The massive manhunt for the escaped inmates continues in the area of the Clinton Correctional Facility where state police have been checking seasonal camps and have cleared more than 160 abandoned buildings.

State police also asked hunters and homeowners with surveillance cameras to check their footage all the way back to June 6, the day of the prison break, for any unusual activity.

The search for Matt, 49, and Sweat, 35, has reached all the way to the borders Canada and Mexico, where wanted posters of the escaped killers are being handed out.

And as investigators widen their search for the fugitives, more details are emerging about the relationships between prison tailor shop instructor Joyce Mitchell and the escapees.

Her husband, meanwhile, feels betrayed by what happened, his attorney says.

Before he broke out of prison, Matt at one point made a painting for Mitchell, who is accused of helping him and the other inmate escape.

Using a photograph, Matt painted a picture of Mitchell’s children, Clinton County District Attorney Andrew Wylie told CNN.

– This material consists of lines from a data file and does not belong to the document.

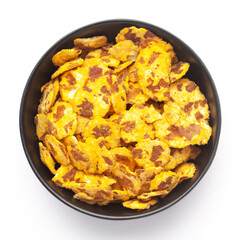 Close-up of Spicy Chana Jor Garam in a black Ceramic bowl, made with air-fried Bengal Chickpea. Pile of Indian spicy snacks (Namkeen), Top View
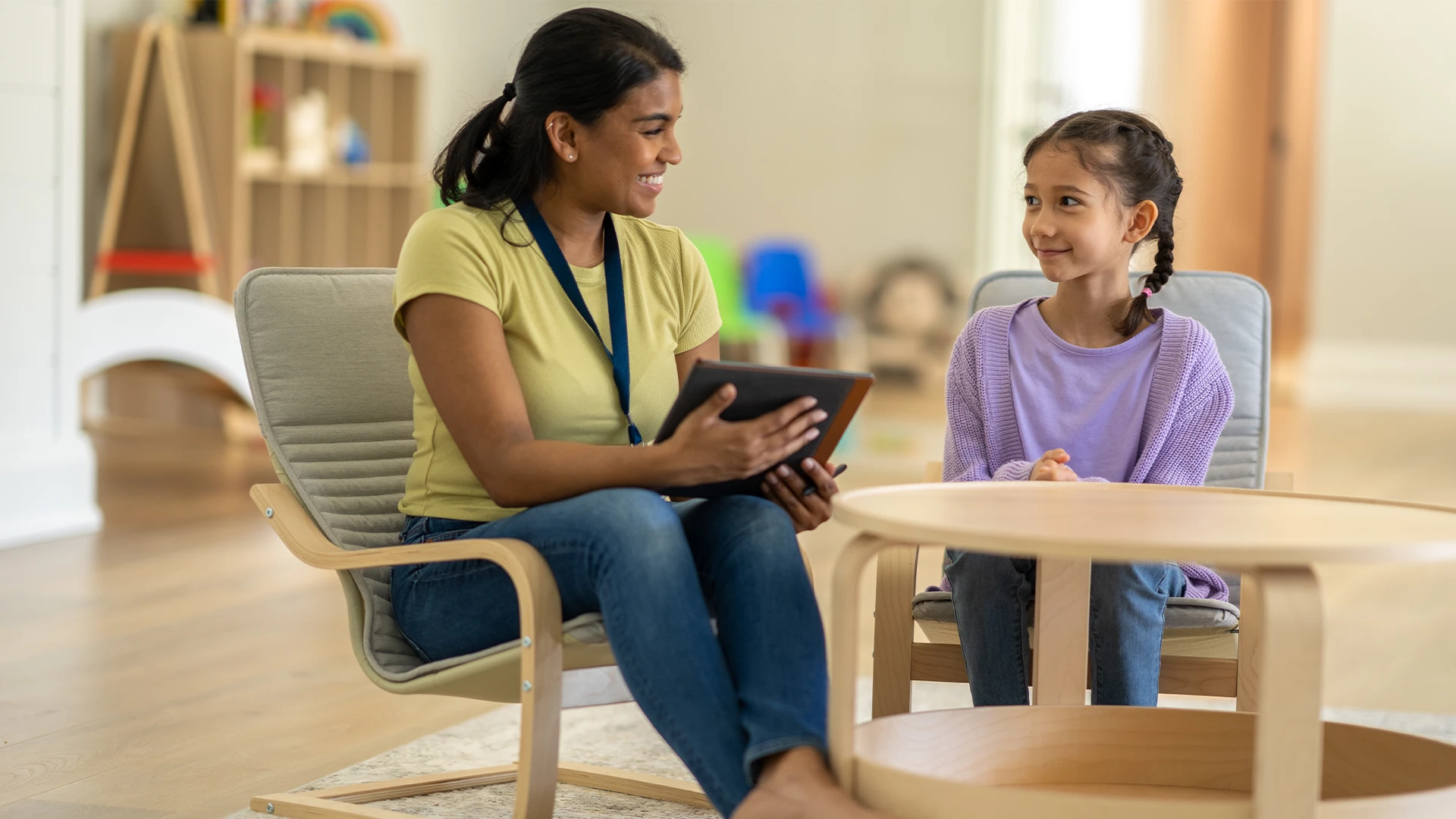 Therapist and child at table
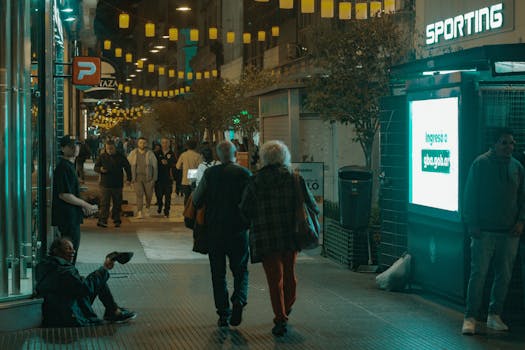 Vibrant nighttime scene of a bustling street in Buenos Aires, Argentina.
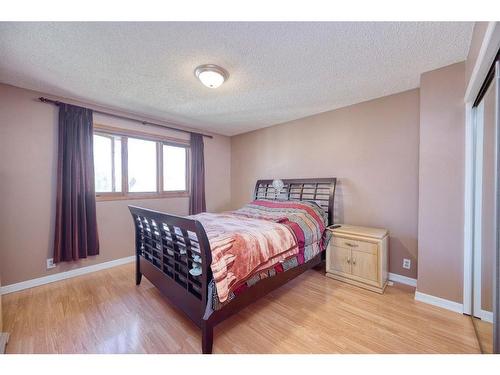 36 Taylor Way Se, Airdrie, AB - Indoor Photo Showing Bedroom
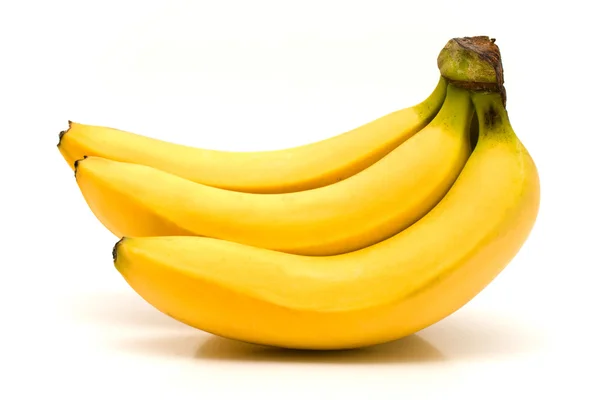 Plátanos frescos sobre un fondo blanco — Foto de Stock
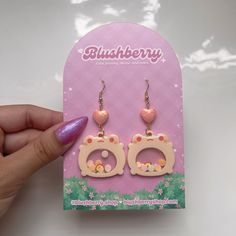 a pair of pink earrings with hearts on them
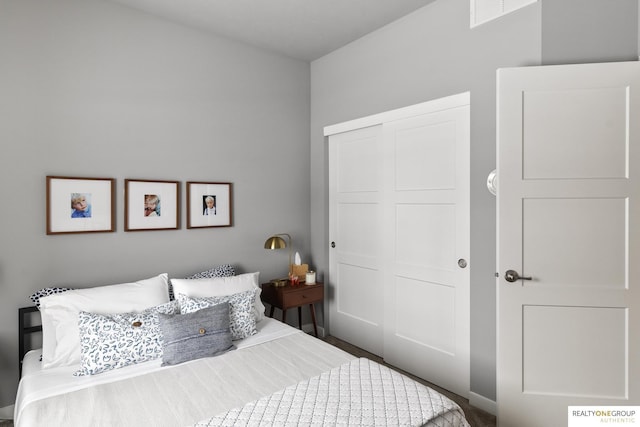 bedroom featuring a closet and visible vents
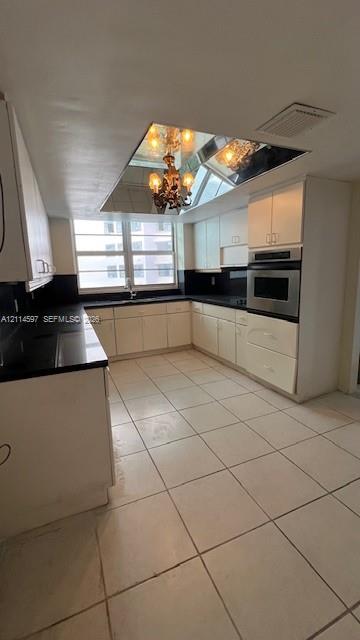 Kitchen featuring light-toned cabinetry, contrasting dark countertops, built-in wall oven, tiled flooring, and a mirrored ceiling element with integrated lighting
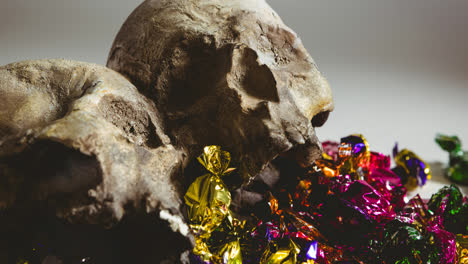 Skulls-and-sweets-lying-in-brown-background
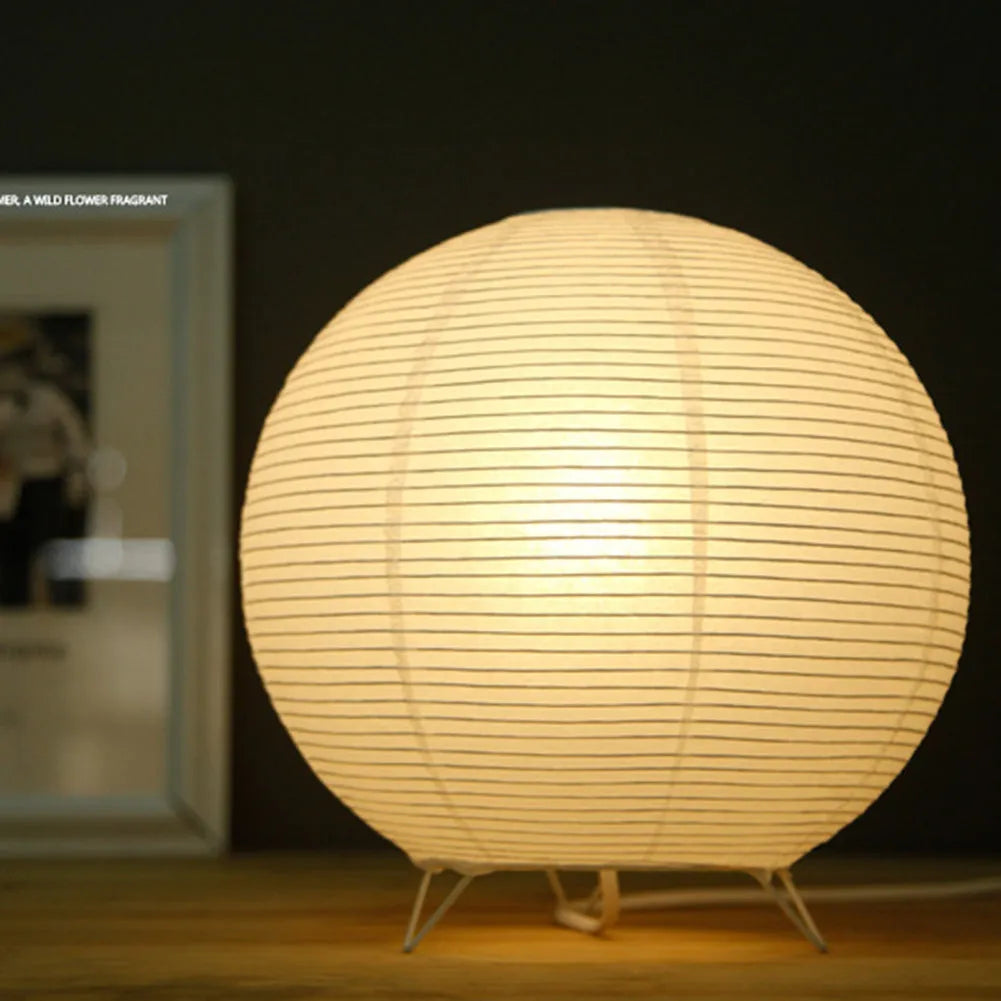 White rice paper plug-in table lamp with E14 bulb socket on wooden desk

And in April, Wylie said, Mitchell gave the painting to her husband as a wedding anniversary present. In exchange, Mitchell gave Matt a pair of speed bag gloves, similar to boxing gloves.

Authorities have also said Matt had a sexual relationship with Joyce Mitchell.

Mitchell, 51, is behind bars, accused of helping the inmates break free and sneaking hacksaw blades, chisels, drill bits, a punch and other contraband into the convicts’ hands before they broke out.

No court date has been set for Mitchell, who has pleaded not guilty to the two charges brought against her and has been talking to authorities. If convicted, Mitchell could face up to eight years behind bars.

Mitchell’s husband, Lyle, also worked in the prison’s tailoring block.

But the prosecutor said Wednesday that Lyle Mitchell didn’t know about the prisoners’ escape plan before it happened and wasn’t aware of his wife’s relationships with the inmates.

After Matt and Sweat broke out, Wylie said, Joyce Mitchell warned her husband that the men were free and had been plotting to kill him.

“She advised him after the escape of what happened, including the possible murder plot,” Wylie said.

Joyce Mitchell’s attorney says that doesn’t mean she was participating in the plot.

“I don’t believe she was involved in any attempt to kill her husband,” her attorney, Stephen Johnston, told CNN. “Just because she heard something doesn’t mean she was going to act on it. … She did not want to be a part of it and did not.”

For his part, Lyle Mitchell feels betrayed, lost and is “looking for his life again,” according to his attorney.

He had no clue his wife was involved in the elaborate prison break when police first questioned the two of them, said his attorney Peter Dumas.

Only two days after the escape did Lyle Mitchell realize “that something is going on here,” and confront his wife, who warned him that the escaped men had been plotting to kill him, Dumas said.